De rechtbank overweegt dat de afwijzing van de aanvraag om toevoeging terecht is, omdat de rechtsbijstand waarvoor de toevoeging was aangevraagd inmiddels was beëindigd. Eiser was van mening dat zijn bezwaar ten onrechte niet-ontvankelijk was verklaard, omdat hij na de aanvraag nog bijstand had gekregen van zijn gemachtigde. De rechtbank oordeelt echter dat het al dan niet toekennen van de toevoeging geen invloed meer heeft op de kwaliteit van de rechtsbijstand of op andere financiële gevolgen, aangezien de rechtsbijstand al was beëindigd. Daarom heeft de rechtbank het beroep ongegrond verklaard en is er geen aanleiding voor een proceskostenvergoeding.
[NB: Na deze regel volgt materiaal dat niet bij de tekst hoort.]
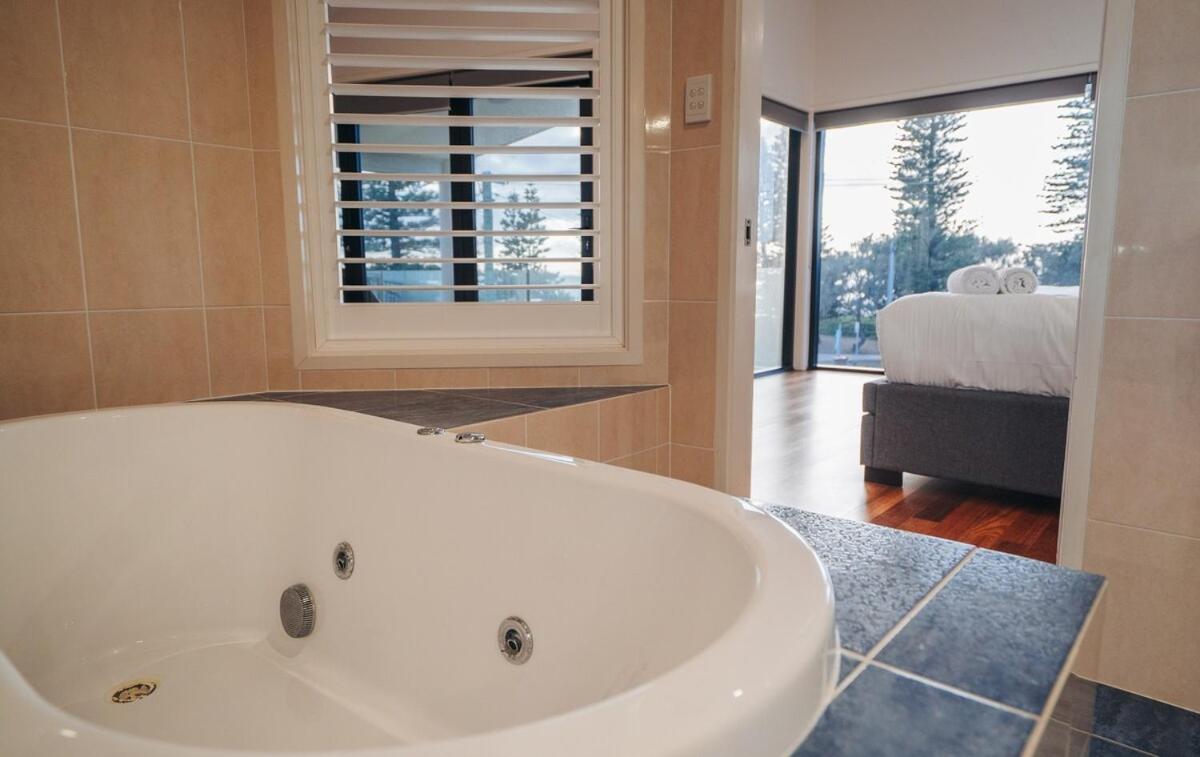 Beachfront at Buddina with Heated Pool & Sea Views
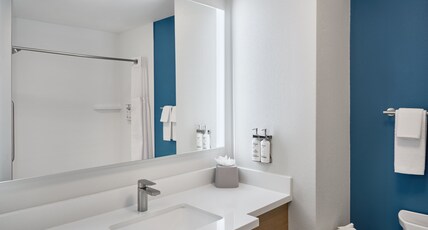 Holiday Inn Express Hotel and Suites - Odessa Room Type - 2 Queen Standard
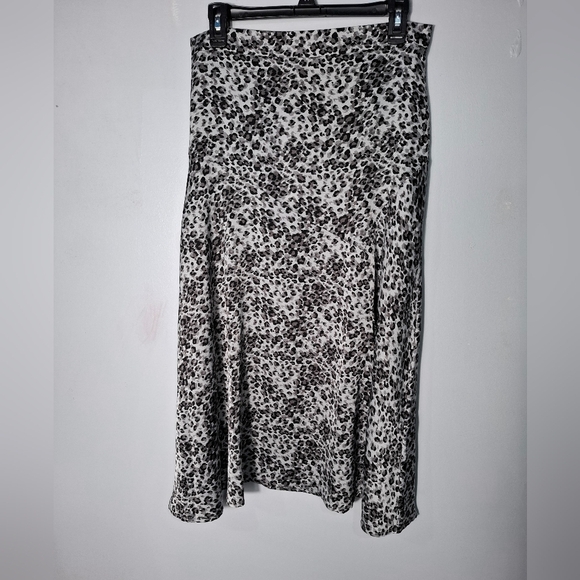 Status By Chenault Dresses & Skirts - Status by Chenault Women Leopard Animal Print A-Line Slit Midi Skirt L Feminine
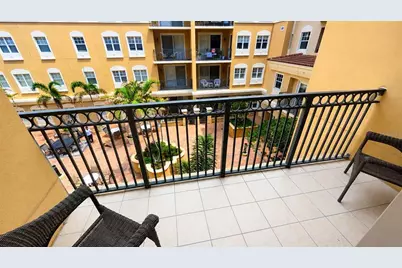 1064 N Tamiami Trail #1304, Sarasota, FL 34236 - Photo 11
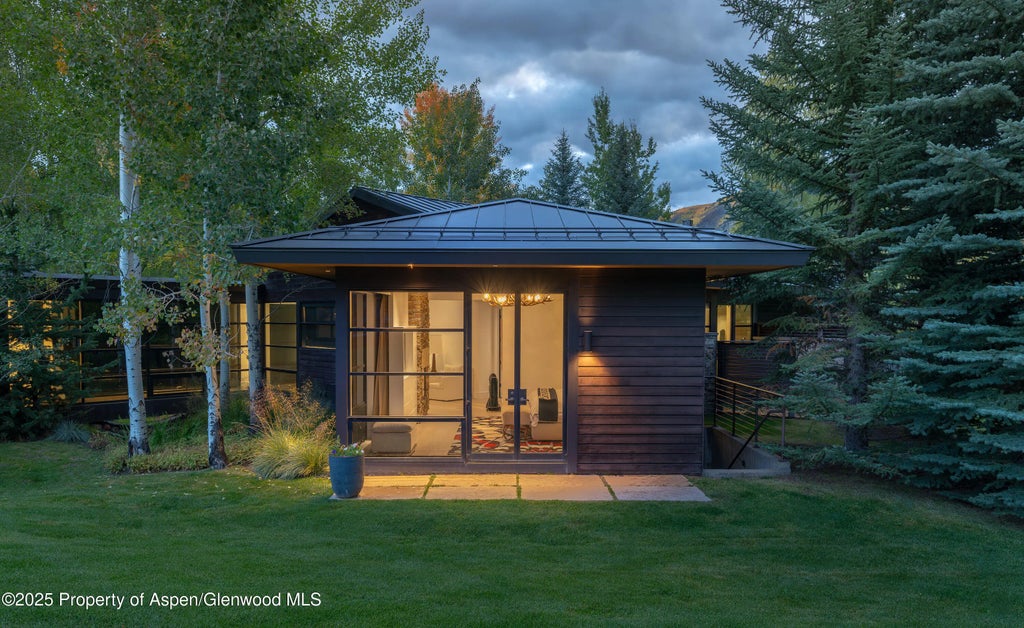 39 of 46 - 28 Maroon Drive, Aspen, CO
De uitspraak is gedaan door mr. J.J.P. Bosman op 17 september 2021, en een afschrift is verzonden aan de betrokken partijen. Eiser is geïnformeerd over de mogelijkheid om binnen zes weken na verzending van de uitspraak in beroep te gaan bij de Afdeling bestuursrechtspraak van de Raad van State.